Notebook

TTM Custom Factor Test

Check out the speed and results from two separate custom factors each calculating TTM values. The first is a numpy implementation by Doug Baldwin (https://www.quantopian.com/posts/trailing-twelve-months-ttm-with-as-of-date). The second is a pandas implementation.

In [23]:
# First, we need to import the basic pipeline methods
from quantopian.pipeline import Pipeline, CustomFactor
from quantopian.research import run_pipeline

# Also get the built-in filters and/or factors to use
from quantopian.pipeline.filters import QTradableStocksUS, Q500US, StaticAssets

# Finally get any data we want to use
from quantopian.pipeline.data.morningstar import Fundamentals as ms
from quantopian.pipeline.domain import US_EQUITIES

# Import numpy and pandas because they rock
import numpy as np
import pandas as pd
In [28]:
# First the numpy version
class TrailingTwelveMonths(CustomFactor):  
    window_length=315  
    window_safe = True  
    mask=symbols  
 
    def compute(self, today, assets, out, values, dates): 
        
        out[:] = [  
            (v[d + np.timedelta64(52, 'W') > d[-1]])[  
                np.unique(  
                    d[d + np.timedelta64(52, 'W') > d[-1]],  
                    return_index=True  
                )[1]  
            ].sum()  
            for v, d in zip(values.T, dates.T)  
        ]   
In [49]:
# Next a version which uses pandas methods
# A little easier to understand but probably less efficient
class TrailingTwelveMonths_Pandas(CustomFactor):
    """
    Gets the sum of the last 4 reported values using pandas
    Uses a window length of ~5 quarters (252/4 x 5) to ensure we have at least 4 quarters
    
    Requires 2 inputs: the datset values and the associated asof_dates

    """
    window_length = 315
    outputs = ['value', 'unique_values']  
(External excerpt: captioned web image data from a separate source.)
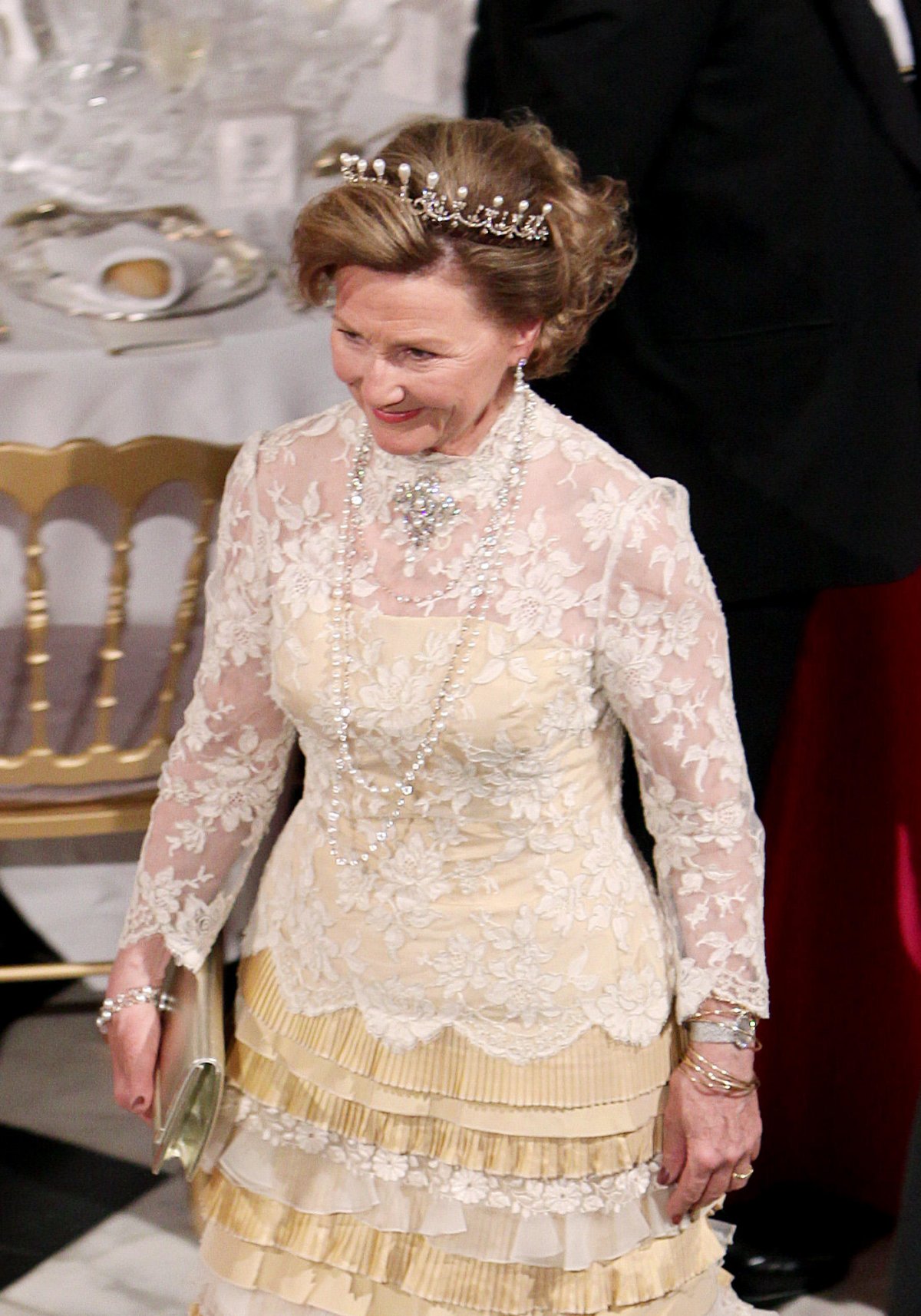 The Queen of Norway attends a gala dinner celebrating the 70th birthday of Queen Margrethe II of Denmark at Fredensborg Palace on April 16, 2010 (Patrick van Katwijk/DPA Picture Alliance/Alamy)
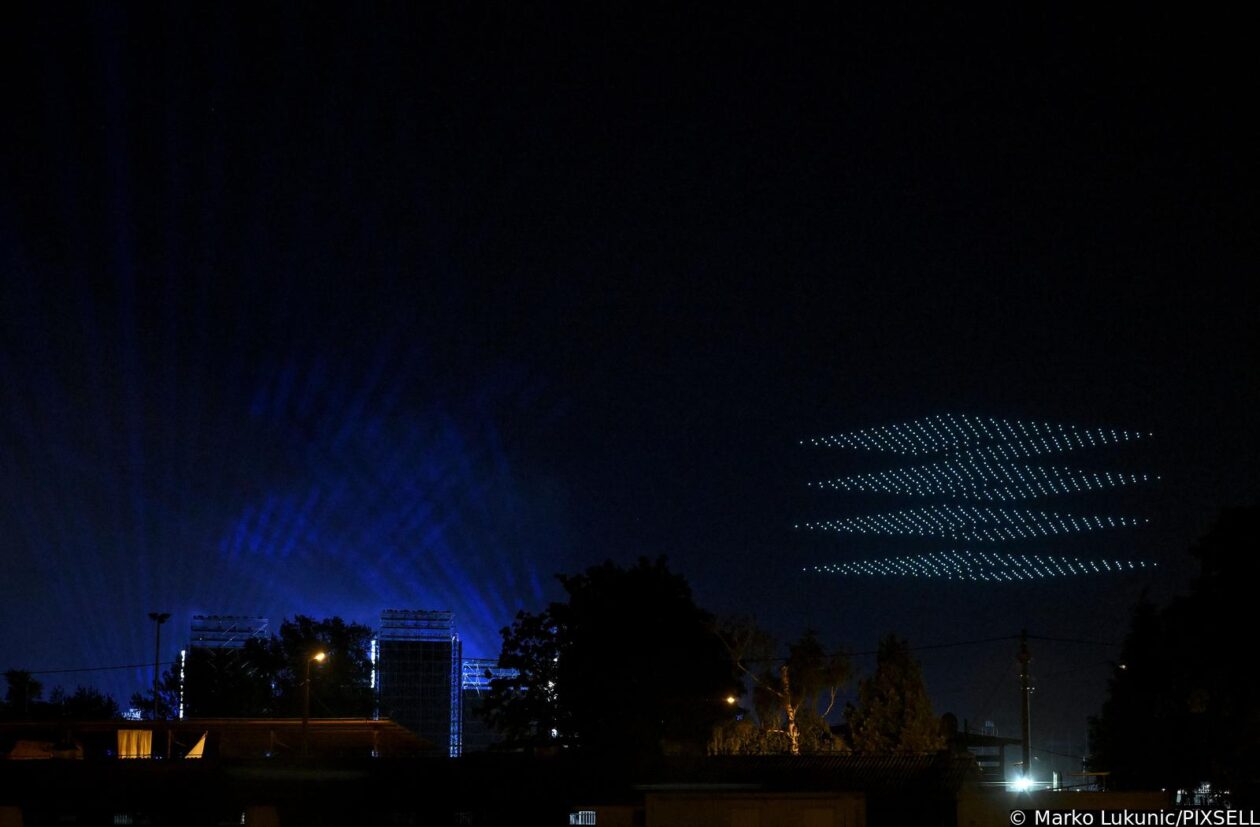 Scenografija dronovima na koncertu Marka Perkovića Thompsona Scenografija dronovima na koncertu Marka Perkovića Thompsona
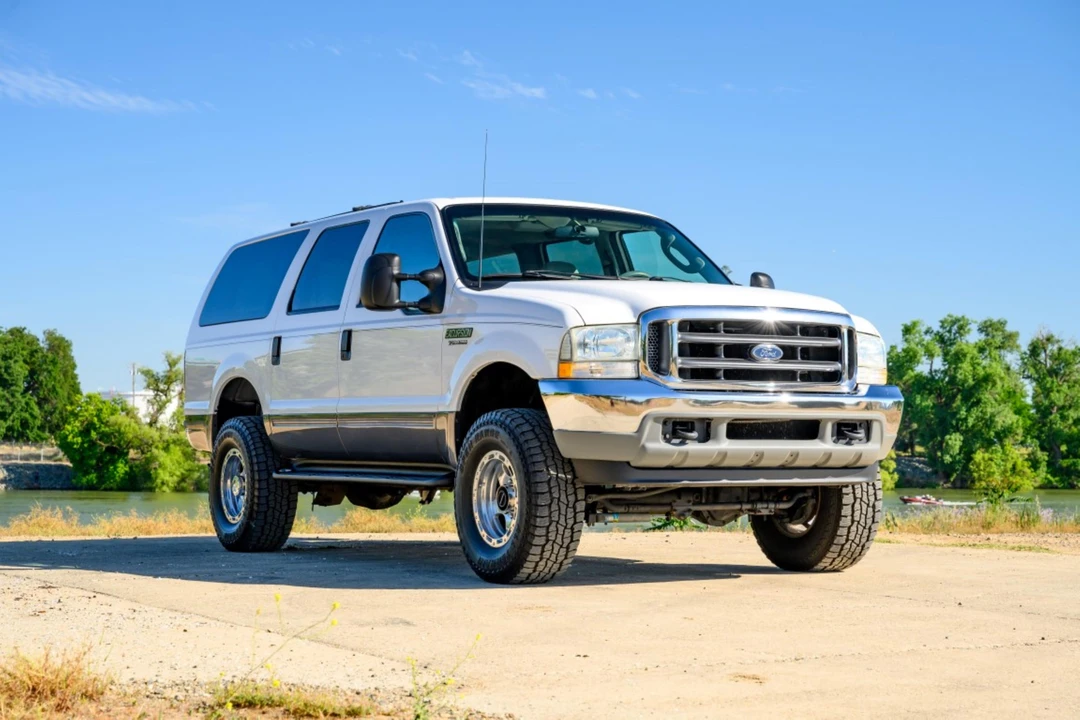 2003 Ford Excursion - Image 29 of 31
    def compute(self, today, assets, out, values, asof_date):
        # Make a single multi-index dataframe with asof_date and values as columns
        # The days are the index level=0 and securities are level=1
        date_df = pd.DataFrame(asof_date).stack().rename('date')
        value_df = pd.DataFrame(values).stack().rename('value')
        df = pd.concat([date_df, value_df], axis=1)
        
        # Add a column with the asset to make drop_duplicates easier
        df['asset'] = df.index.get_level_values(level=1)

        # Drop duplicate dates, keep only the latest value for each date
        df_dropped = df.drop_duplicates(['date', 'asset'], keep='last')
        
        # Take only the latest 4 dates. Then, filter out any groups with less than 4 qtrs of data
        df_top_4 = df_dropped.groupby(level=1).tail(4)
        df_exactly_4 = df_top_4.groupby(level=1).filter(lambda group: group.date.size == 4)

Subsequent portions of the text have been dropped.